The Things One Learns…
No reader of Arabic literature in translation would fail to recognize the name of translator Denys Johnson-Davies: He has worked on books by Naguib Mahfouz, Zakaria Tamer, and Tewfiq Al-Hakim, to name just a few. And he also translated Tayib Salih’s masterpiece, Season of Migration to the North. So I was more than a little disappointed when I came across these pearls of wisdom in his introduction to the Anchor Book of Modern Arabic Fiction. On the birth of the Arabic novel, he writes:
But many were the prejudices that had to be overcome. The idea of an author creating characters and making them inhabit worlds of his creation not only was foreign to the Arab Muslim mind but was even regarded as almost unacceptable. Take, for example, the ever-entertaining stories of The Thousand and One Nights. This anonymous work, so esteemed throughout the world as a masterpiece of imaginative literature, remains for most Arabs a work unworthy of serious consideration. Arab men of letters have long looked askance at the extravagances of The Arabian Nights, as the book is better known in the West, finding them suitable only for minds incapable of appreciating other forms of literature, and grudgingly admitting that the stories might have some merit only when the outside world lavished praise on them.
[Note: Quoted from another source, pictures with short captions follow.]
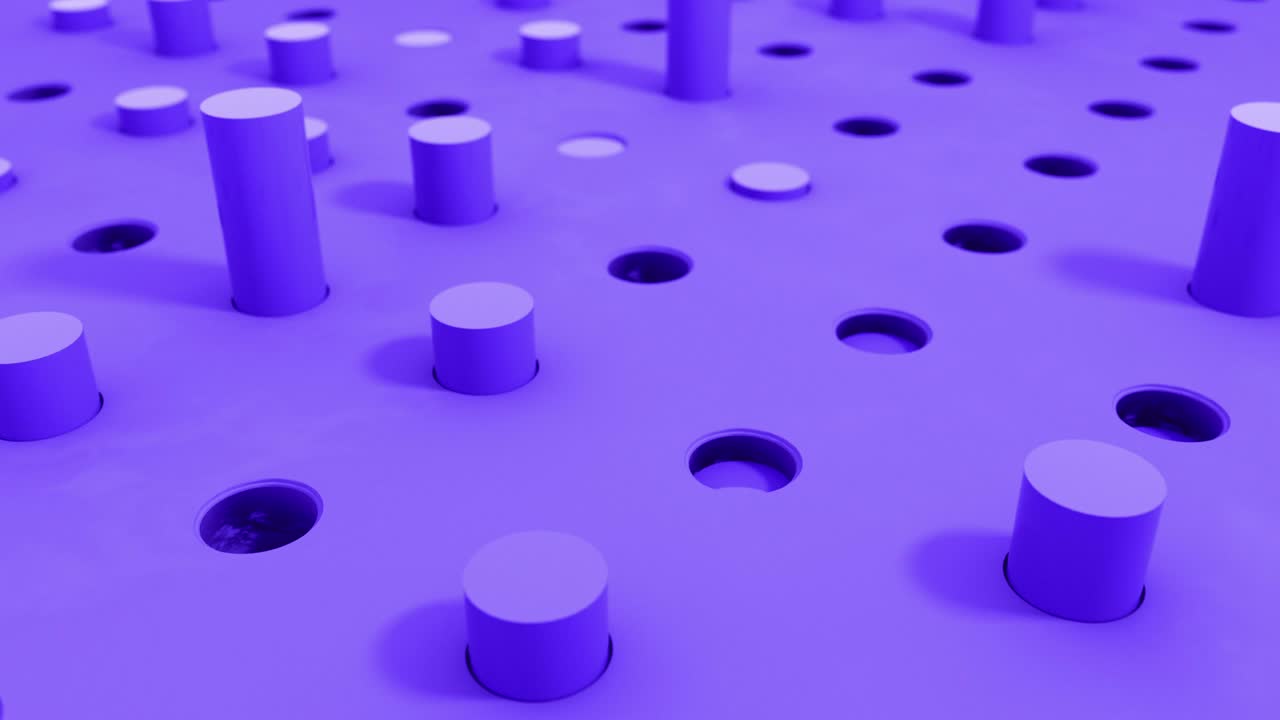 3d formas de cilindro volando agujeros de introducción en colores púrpura pastel. 4k animación de renderización de bucle sin costuras.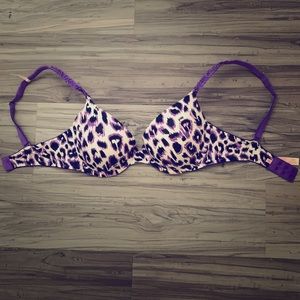 PINK 34D Purple Cheetah Print Wear Everywhere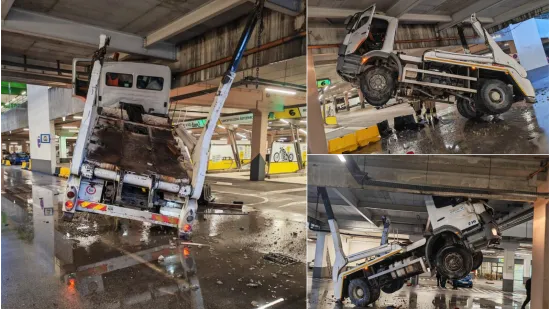 Kaos u garaži trgovačkog centra u Splitu: Kamion zapeo za krov, vozač u &scaron;oku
On the universal appeal of Arabic novels:
Many Arab writers have no experience of the outside world or of a foreign language, and their reading of world literature is confined to works translated into Arabic. Thus a reader of Mohamed El-Bisatie’s A Last Glass of Tea will find that every one of its twenty-four stories takes place in villages around Lake Manzala in the Nile Delta. But readers in the West have shown themselves capable of relating to cultures that they come across for the first time in fiction, especially when captured by a master’s hand.
On choosing to present the writers in the anthology by alphabetical order:
I prefer to treat the Arab world as the one cultural unit that it is.
But don’t let these absurd comments discourage you from reading the anthology (which is pretty amazing) or anything he’s translated (particularly Season of Migration.)